National Transportation Safety Board Member Robert Sumwalt said at a media conference on Sunday: "Was the aircraft well maintained and should it have been maintained better?
"That is exactly why we are here...to see why this problem has occurred."
As a result of the incident, Southwest has grounded part of its fleet for inspections.
The airline cancelled 300 flights on Saturday and said it expected to cancel another 300 flights on Sunday as the investigation continued into what caused the hole to develop during Southwest Flight 812 on Friday.
The flight from Phoenix to Sacramento landed at a military base in Yuma, Arizona, after the hole appeared suddenly at about mid-cabin.
The cancellations are likely to continue for the next few days, Southwest Airlines spokesperson Whitney Eichinger said.
Altitude
Airline mechanics will saw out the portion of the plane skin that fractured and it will be flown to Washington for further inspection, Sumwalt said.

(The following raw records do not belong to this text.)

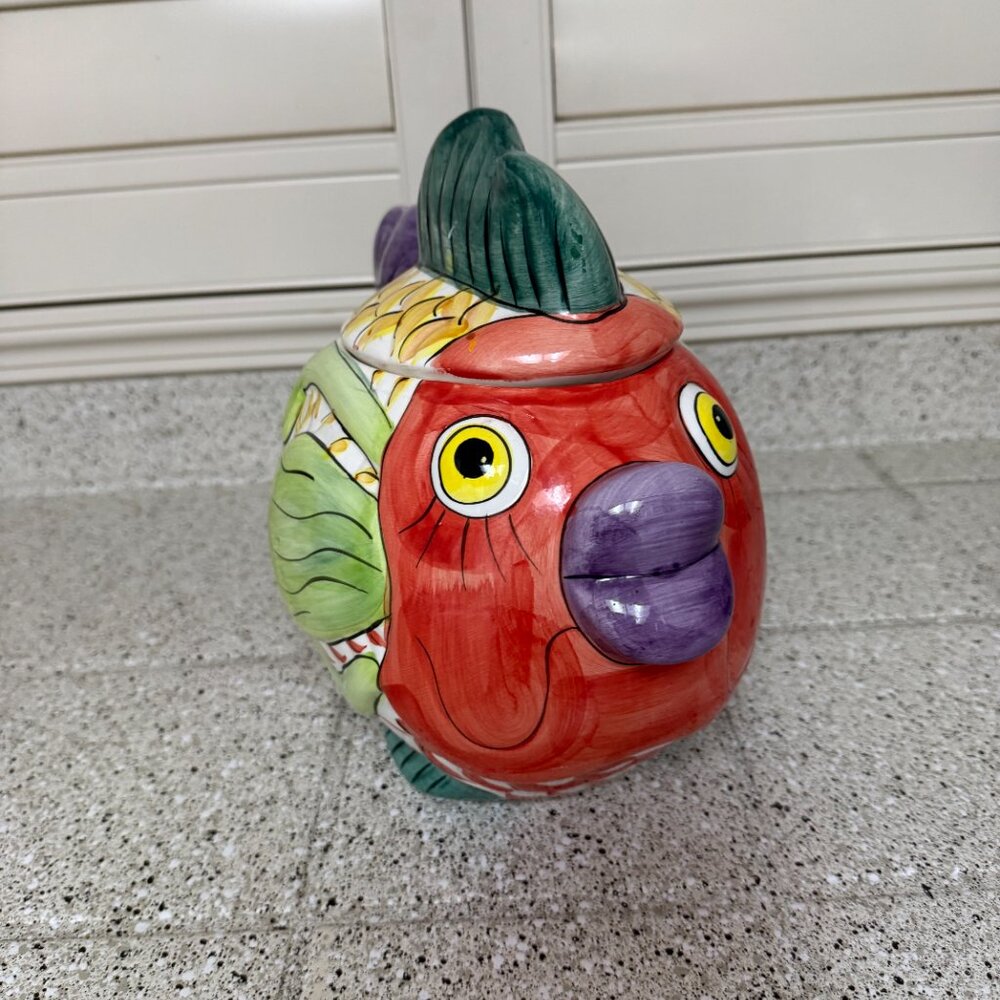 Vintage colorful koi fish ceramic cookie jar - Picture 2 of 10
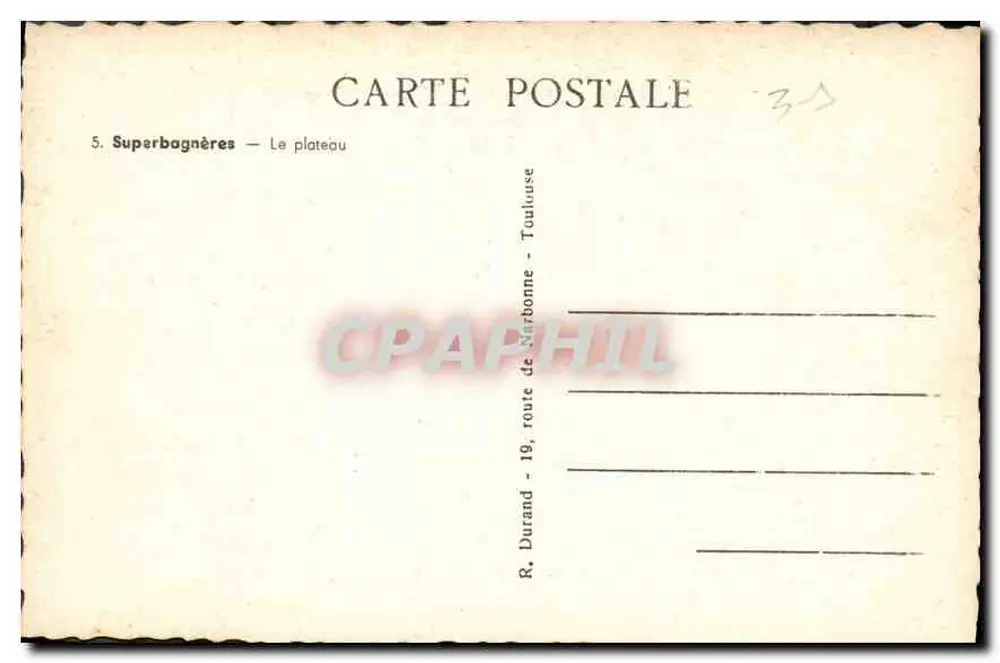 Superbagnères — O plateau — R. Durand, estrada de Narbonne - Toulouse - Verso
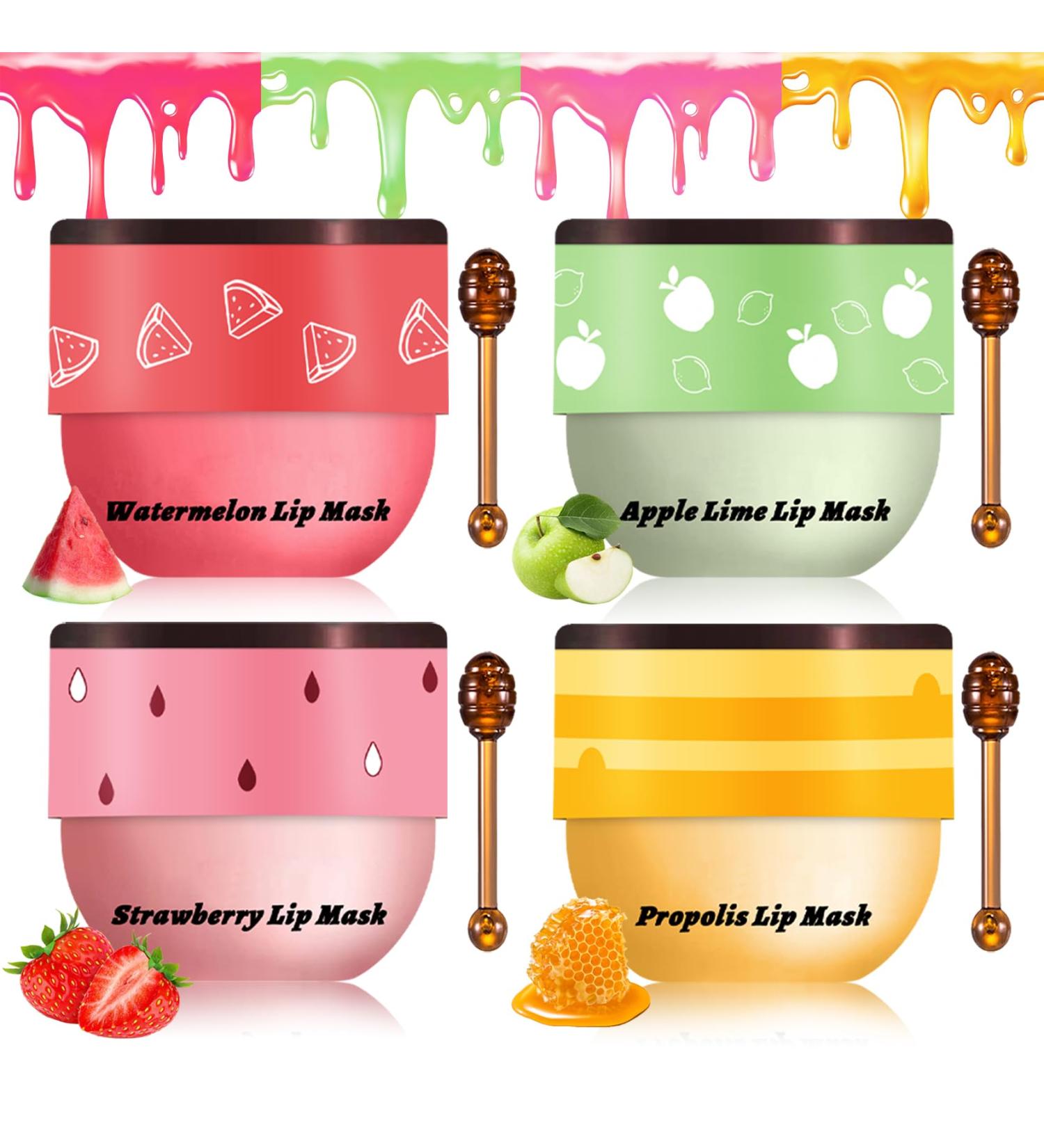 4PCS Bee Lip Balm Honey Pot Honey Strawberry Watermelon Apple Lime Sleeping honey Lip Mask Overnight Hydrating Propolis Honey Pot LipBalm for Dry Lips Care Honey Strawberry Watermelon Apple - Buy Online on GoSupps.com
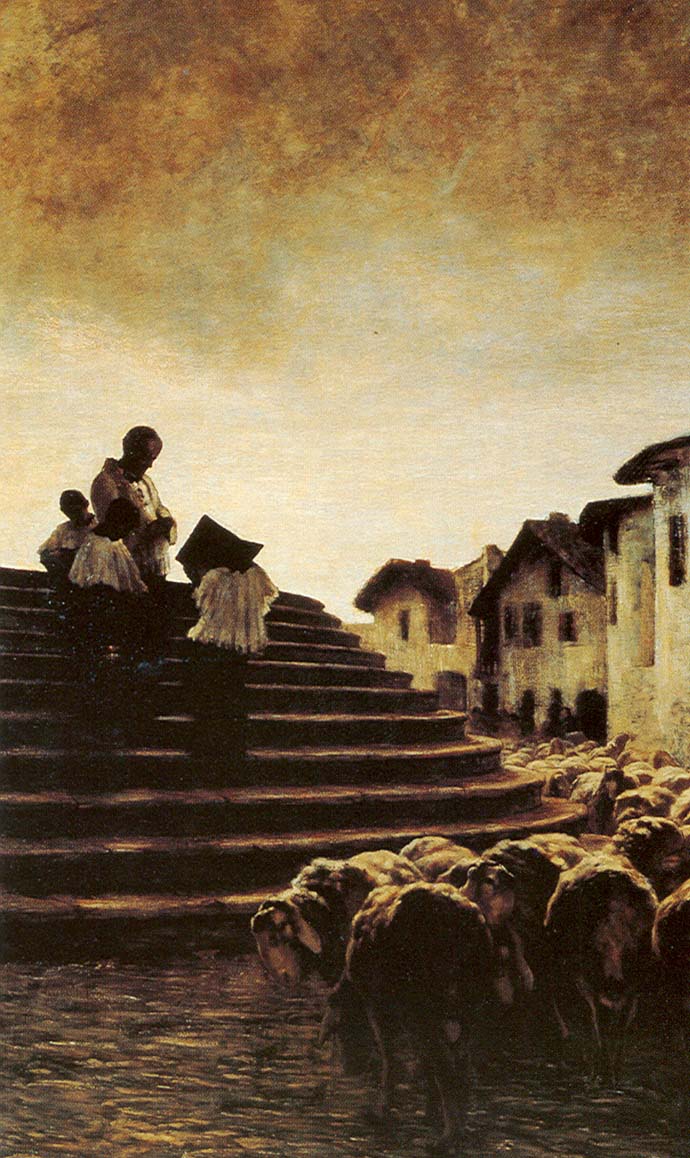 Giovanni Segantini, La benedizione delle pecore (1884; olio su tela, 198 x 120 cm; Sankt Moritz, Segantini Museum)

"We did find evidence of widespread cracking across this entire fracture surface," said Sumwalt.
But determining exactly where the cracks are is "a very involved process," he said.
Recorders from Flight 812 arrived at NTSB's headquarters on Saturday night.
They indicated that the decompression occurred approximately 18 minutes after takeoff, Sumwalt said.
The flight crew donned oxygen masks and declared an emergency.
The plane descended from its cruising altitude of 10 970m to 3 350m in just over 4 minutes, Sumwalt said.
A total of 931 Boeing 737-300s are operated by all airlines worldwide, with 288 of them in the United States, the Federal Aviation Administration said earlier.